Hch 1,15-17.20-26; Sal 112; Jn 15,9-17
Un arranque de amor puede que sea factible, pero seguir en él de manera continuada, permanecer en él, es cosa que supera con creces lo que somos. Y eso es lo que nos pide Jesús. Que seamos como él, pues él permanece en todo momento en el amor del Padre; en el amor con que el Padre le ama. La fuente del amor no somos nosotros, eso es la más pura de las evidencias, pero esa fuente ni siquiera es el Hijo, sino el Padre; de él es de donde procede nuestro amor y de él es de donde procede el amor que el Hijo nos tiene. Por eso puede él permanecer en el amor que nos tiene, y nosotros podemos permanecer en el amor que le tenemos a él. Pero hay una prueba de que ese amor permanece en nosotros: cuando cumplimos lo que es su voluntad para nosotros. Juan dice cuando él, y nosotros con él, cumplimos los mandamientos de nuestro Padre. Pero, cuidado, no nos confundamos. No es un conjunto de reglas y preceptos que Dios nos ha impuesto y debemos cumplir. Incluso no podemos olvidar que los diez mandamientos se enuncian de modo negativo: no matarás, sin con ello, en principio, decirnos qué debemos hacer, aunque, es claro, nuestro comportamiento deber ser tal que lleve a nunca matar; hay un hecho, el matar, y todo un ámbito de vida que girará en torno a lo que podría llevarnos a matar, en donde deberemos ser extremadamente cuidadosos. El mandamiento será, pues, una cuestión de cuidado: de cuidadoso cuidado. Debemos ser fieles en nuestro cuidado del otro para no matar. No podemos ocultarnos del Señor, como Caín, para matar a Abel. Y el cuidado es, a su vez, cuestión de amor. Mas la plenitud del amor nos viene del Padre, de donde procede la torrentera de ese amor que para él es su mismo modo de ser, ser en completud.
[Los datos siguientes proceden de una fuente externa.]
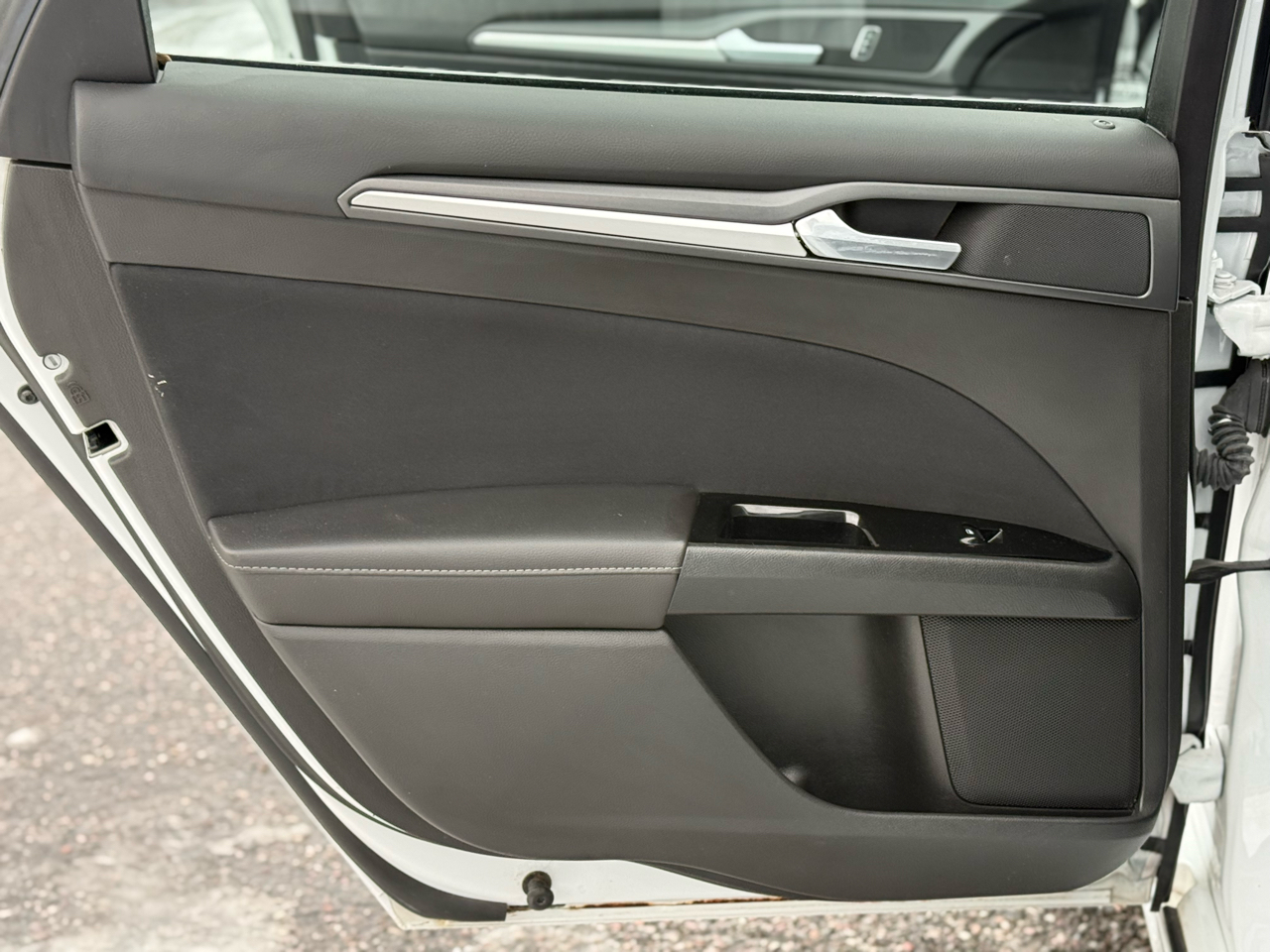 Ford Fusion 4dr Sdn SE FWD 2013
Una torrentera de amor que, procediendo del Padre, nos llega por medio del Espíritu Santo. Ahora, pues, precisamente ahora, es cuando, habiendo subido Jesús, el Hijo, al seno del Padre, nos va a enviar el Espíritu con la fuerza de la gracia de Dios que nos santifica. Una fuerza, pues, que llega a nosotros por nuestra fe en quien muriera por y para nosotros en la cruz. Esa torrentera de amor que nos llega tiene en nosotros una puerta: nuestra fe en Jesús, el Cristo; en que en él se ha cumplido lo anunciado desde antiguo: que el Señor está con nosotros para siempre. La sola fe en Cristo Jesús, muerto en la cruz y resucitado a la vida perdurable por la fuerza del Espíritu de Dios, nos adentra en los abismos insondables del amor de Dios. Si cerráramos esa puerta, estaríamos clausurando la acción de Dios en nosotros que nos justifica ante él. La cruz habría sido una muerte inútil. Ascendiendo Jesús al seno del Padre, no nos abriría la puerta del amor de Dios; quedaría cerrada para siempre. Puerta bien delgada: la puerta de nuestra fe en Cristo Jesús. En ella es donde permanecemos en su amor. Por ella viene a nosotros el beneficio de la cruz. Ella hace que no sea vano ese sacrificio. Es nuestra aportación al camino del Señor. Podemos decir: no quiero, no creo, no me da la gana; pero, también, con ayuda de la gracia, podemos decir: creo, quiero, cuida de mí en el sacramento de tu Iglesia.
Tenía la Iglesia tal confianza en el Espíritu, que echaron a suertes.